Mailing List Archive

Unpredictable search results
Hi list!

This message popped up as a result of investigation
why the new suite for Polish Wikipedia has so unpredictable
search results when words with non latin1 chars are searched.
But this is valid for Meta as well - which is UTF-8
as well (right?). Japanese, Korean, etc Wikipedias
are endagered as well, but havent' tested that.

I focused on three letter words, what is theoretically legal.

Three letter words (3LW) with one Polish language
specific letter (PLSL) can be searched,
although many silly matches are found.

3LW with two PLSL search fails with the prompt
"Badly formed search query"

3LW with three PLSL - the same as with one PLSL (strange!).

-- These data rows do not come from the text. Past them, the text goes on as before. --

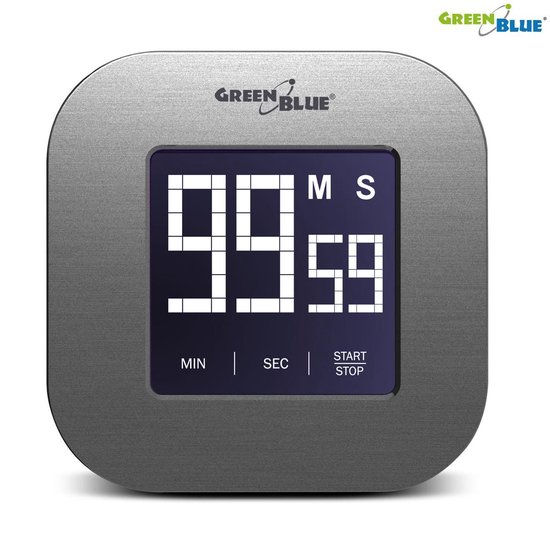 GreenBlue - Kookwekker / Digitale magnetische timer keuken - Zilver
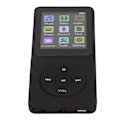 Miniatyrbillede 5 af 8: Digital musikafspiller 1,8 tommer LCD-understøttelse Lille hukommelseskort Ultratynd MP3 MP4-afspiller med tilbehør Sort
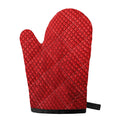 Red Python Snakeskin Print Single Oven Mitt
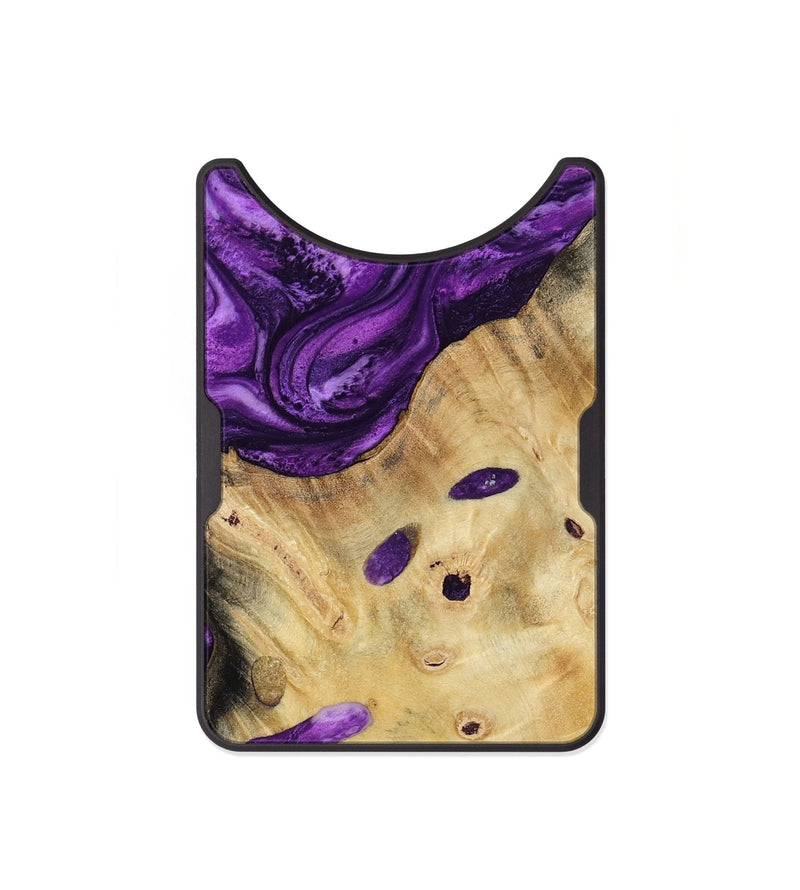 Alloy Wood Wallet - Rufus (Purple, 800402)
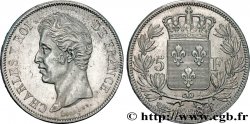 5 francs Charles X, 2e type 1828 Nantes F.311/25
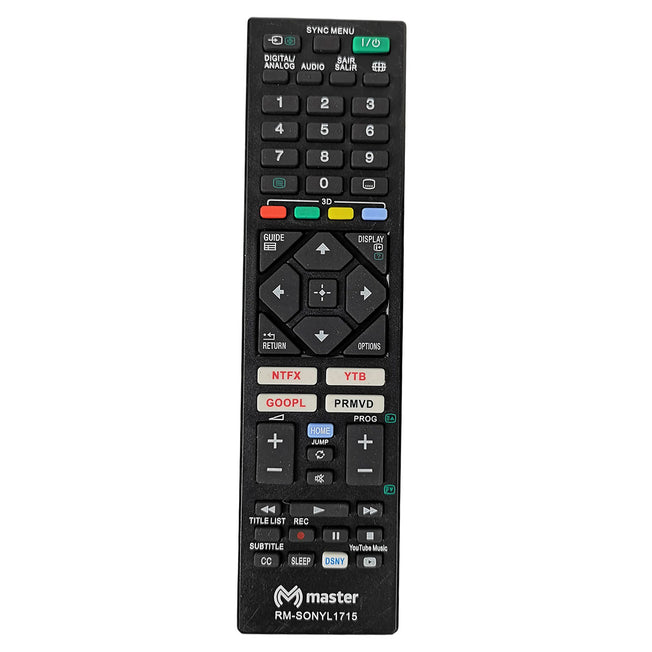 Control Remoto Compatible con TV Sony | RM-SONYL1715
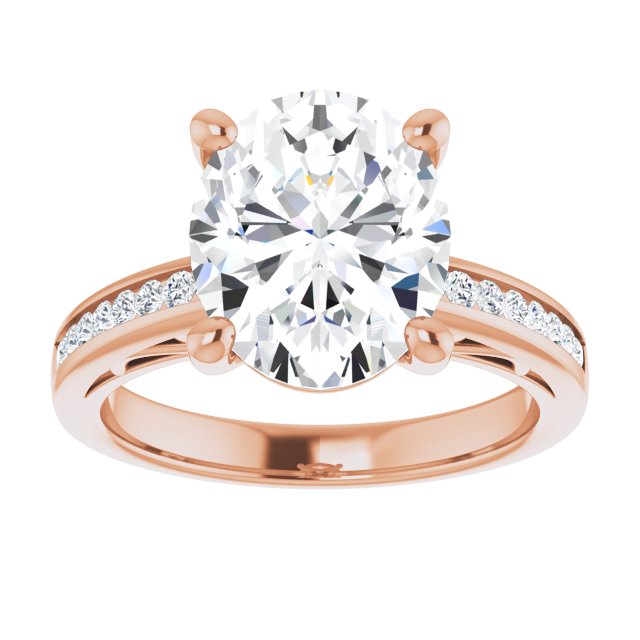 Oval Engagement Ring Mounting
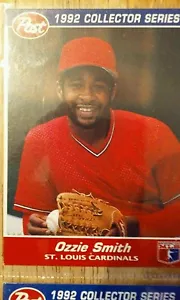 1992 Cartolina Serie Postale Collezionisti Ozzie Smith #8, St. Louis Cardinals - Foto 1 di 1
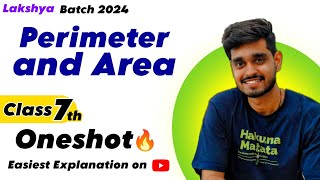 Perimeter and Area Class 7 Maths Chapter 9 Oneshot | Full NCERT
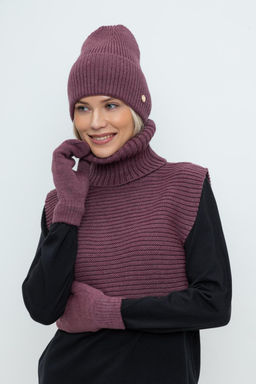 ЕВ 28001/24ш/светлая слива шарф-манишка жен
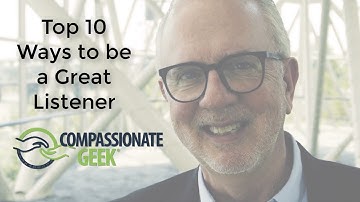 Top 10 Ways to be a Great Listener:  Customer Service Training 101
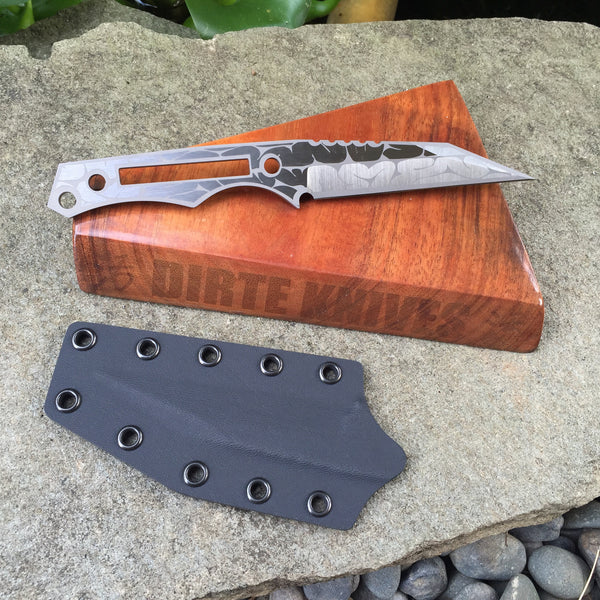 Dirte Knives - Custom Knife - Undead SDK w/ Flat Swedge - Back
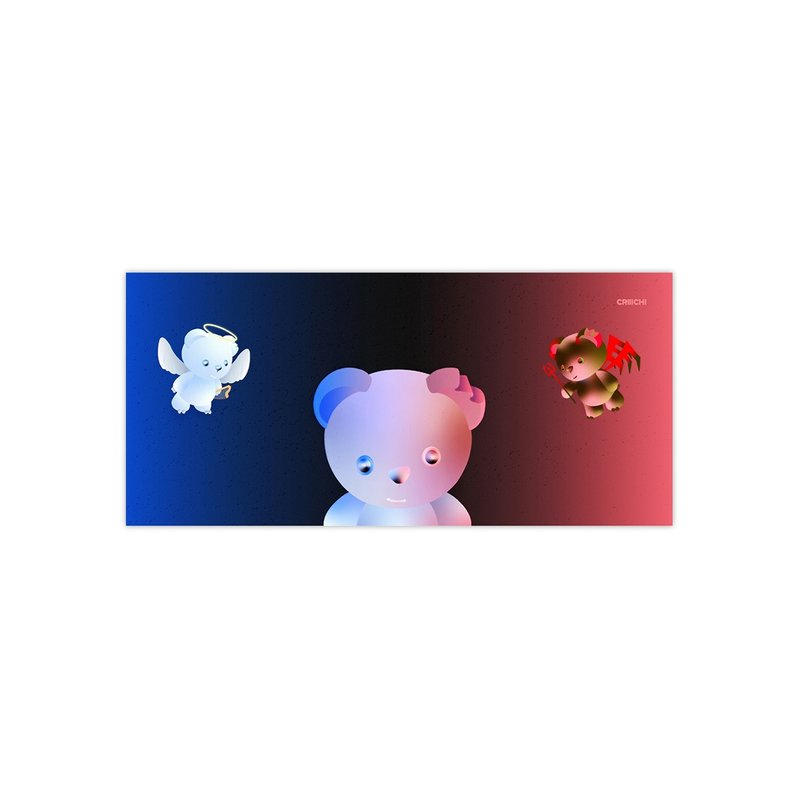 CRIIICHI古治 天使魔鬼 全景明信片 - 卡片/明信片 - 纸 多色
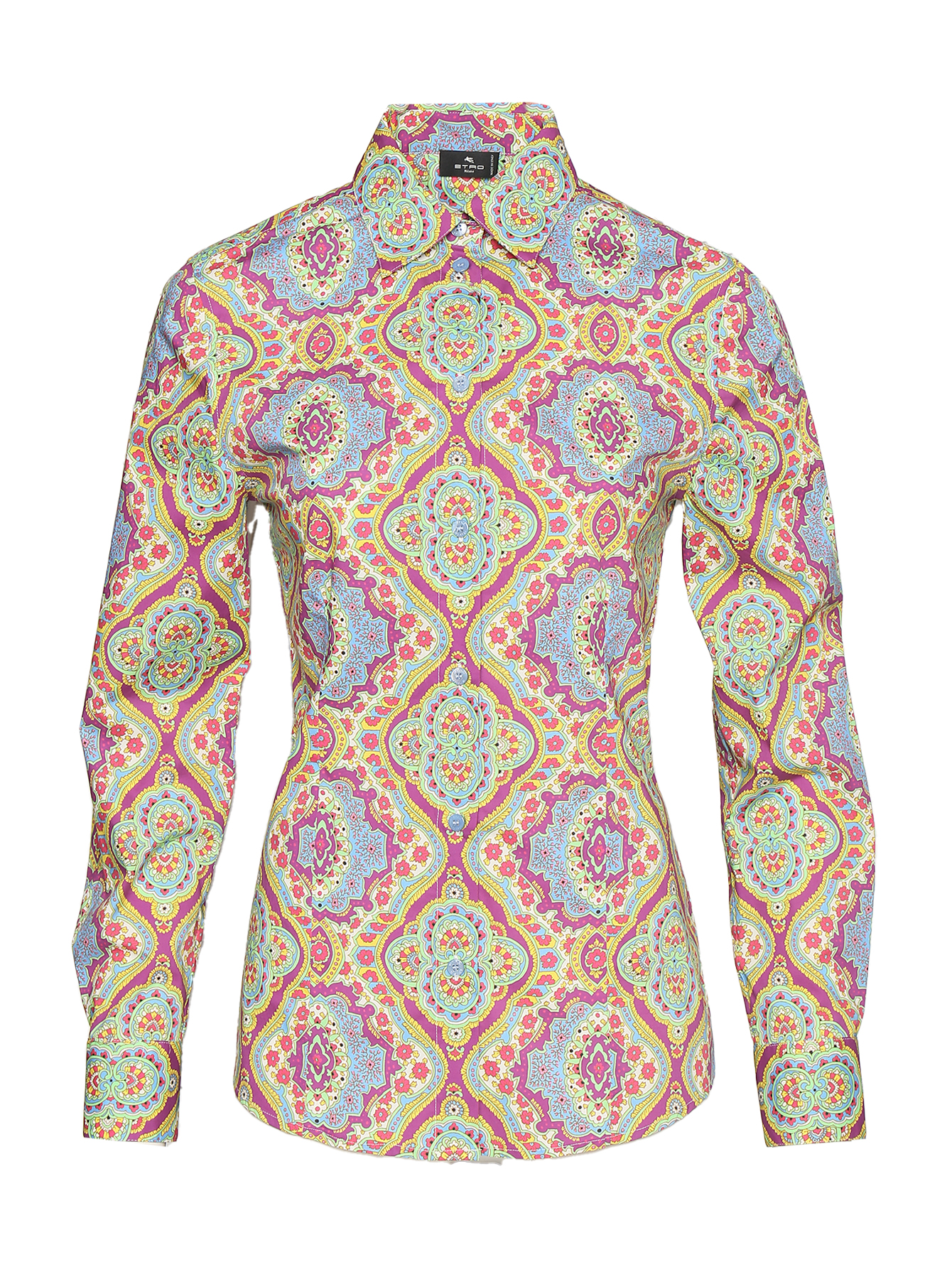 Etro Рубашка из хлопка с узором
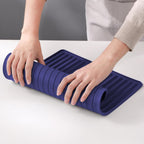 Dish Drying Mat, 16" x 18" Silicone Drying Mat for Kitchen Counter, Large & Thicker Silicone Dish Drying Pad with Raised Edges for Countertop, Multi-Purpose & Heat Resistant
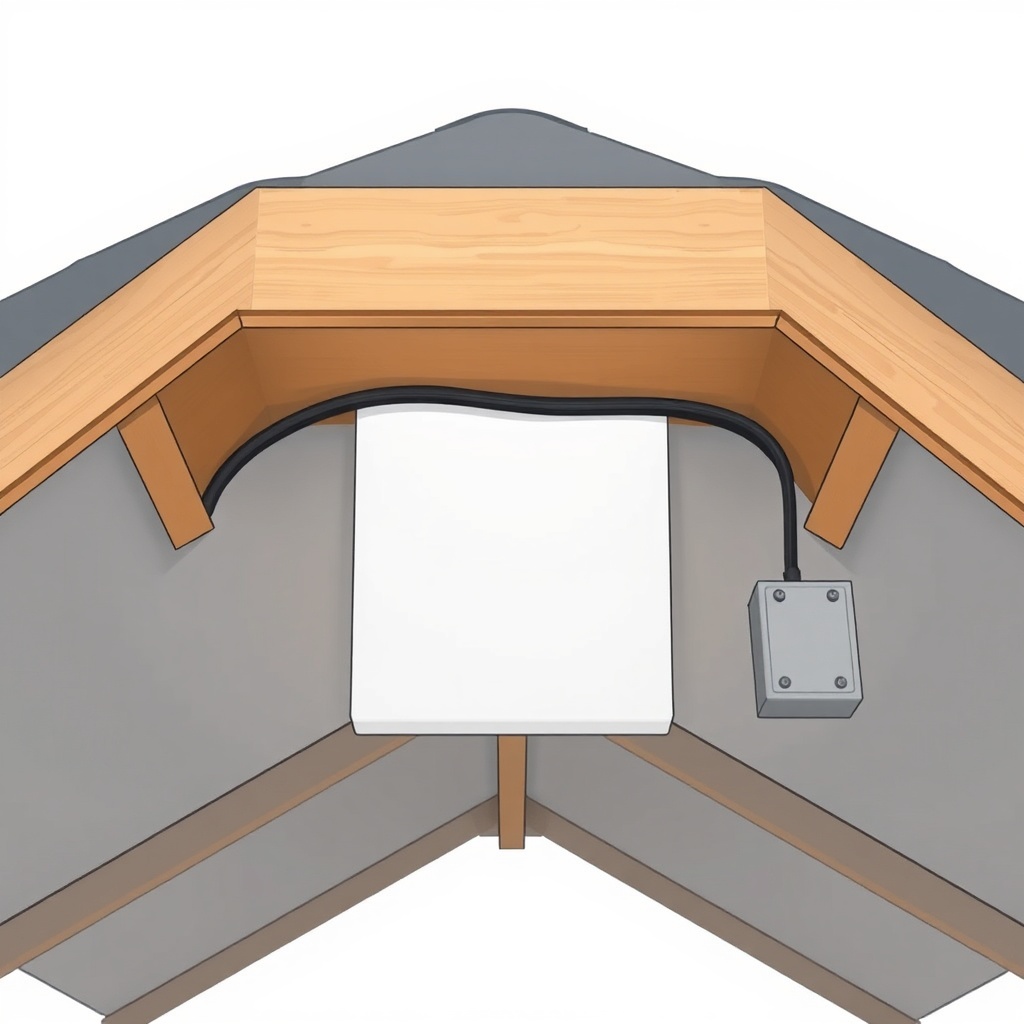 A photorealistic illustration showing a cross-section view of the Skanholz Carport 3x3's r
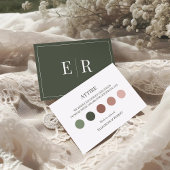 Remerciements Carte de code vestimentaire de mariage vert olive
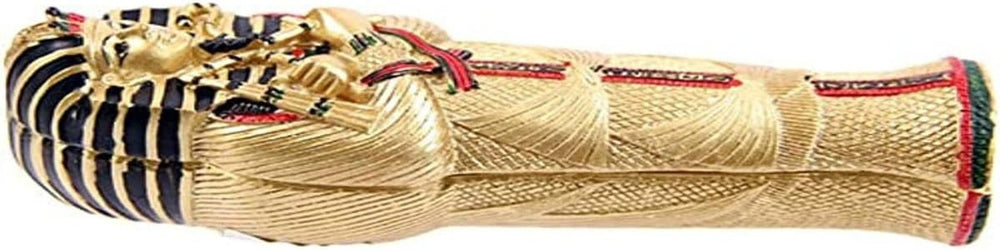 Cutie de aur egipteană Tutankhamon Sarcophagus Trinket Box cu mumie ES45 Statuete si sculpturi Naty Shop Aur egiptean Tutankhamon Sarcofagul Trinket Box cu mumie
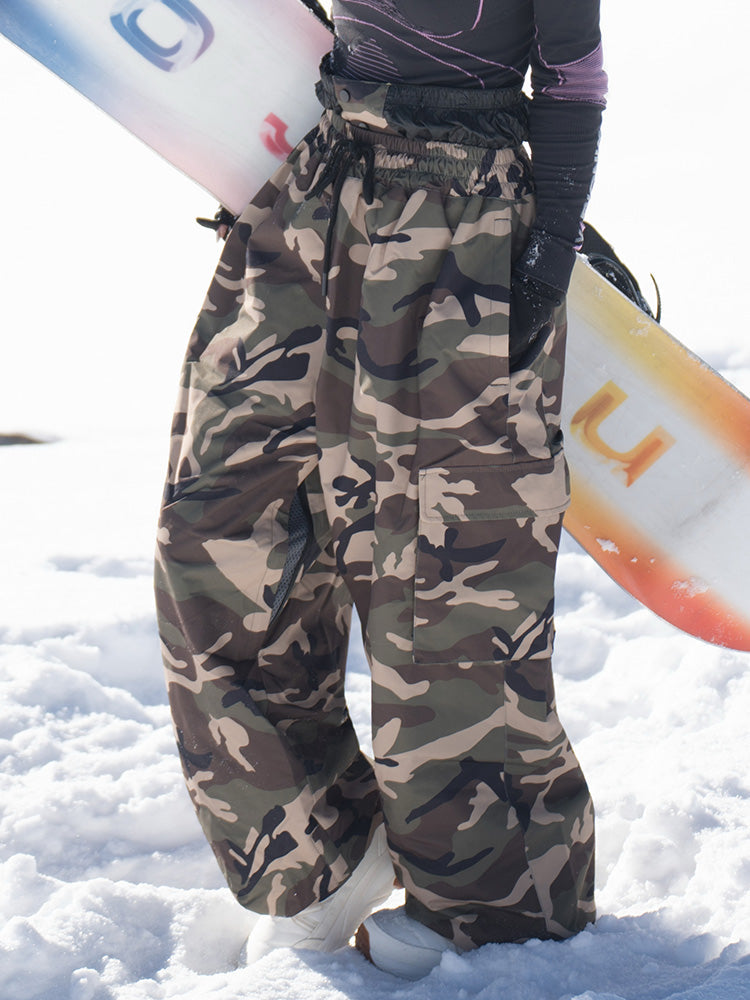 Damen-Snowboardhose Rabbit Snow Freestyle Prime Baggy Camo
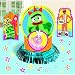 Hip and Hop Yo Gabba Table Decorating Kit Birthday Party Decorations, 12-1/2", Multi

Exactly the same happens when I put Chinese ideograms
instead of PLSL.

It seems that word lengths aren't recognized correctly
("Badly formed..." message is shown when I enter 1-letter word!)
and/or words containing PLSL (or ideograms) are split somehow
in a strange way.
Based on search results my impression is:
non-latin1 letters are treated sometimes as separators
and sometimes as wildcards.

I guess that other bugs in searching non-latin1 words
can be reduced to this.

It would be nice for Polish users to have it fixed before
upgrade to Phase III. Other non-latin1 users would be
perhaps happier too :-)

User:Youandme


----------------------------------------------------------------------
Najlepsi nie maja watpliwosci... >>> http://link.interia.pl/f1667
Re: [Intlwiki-l] Unpredictable search results [ In reply to ]
youandme@poczta.fm wrote:
...
> It would be nice for Polish users to have it fixed before
> upgrade to Phase III. Other non-latin1 users would be
> perhaps happier too :-)

Yes, that's the main reason the Polish wiki isn't upgraded yet, and the
secondary reason the Esperanto wiki isn't upgraded yet (we also need a
charset conversion, since Esperanto keyboard support is not as widely
available as one might hope).

I seem to remember I had this sort-of working on an experimental version
of the phase II software, I just haven't had a chance to fix it up
again. I'll bang on it some more...

-- brion vibebr (brion @ pobox.com)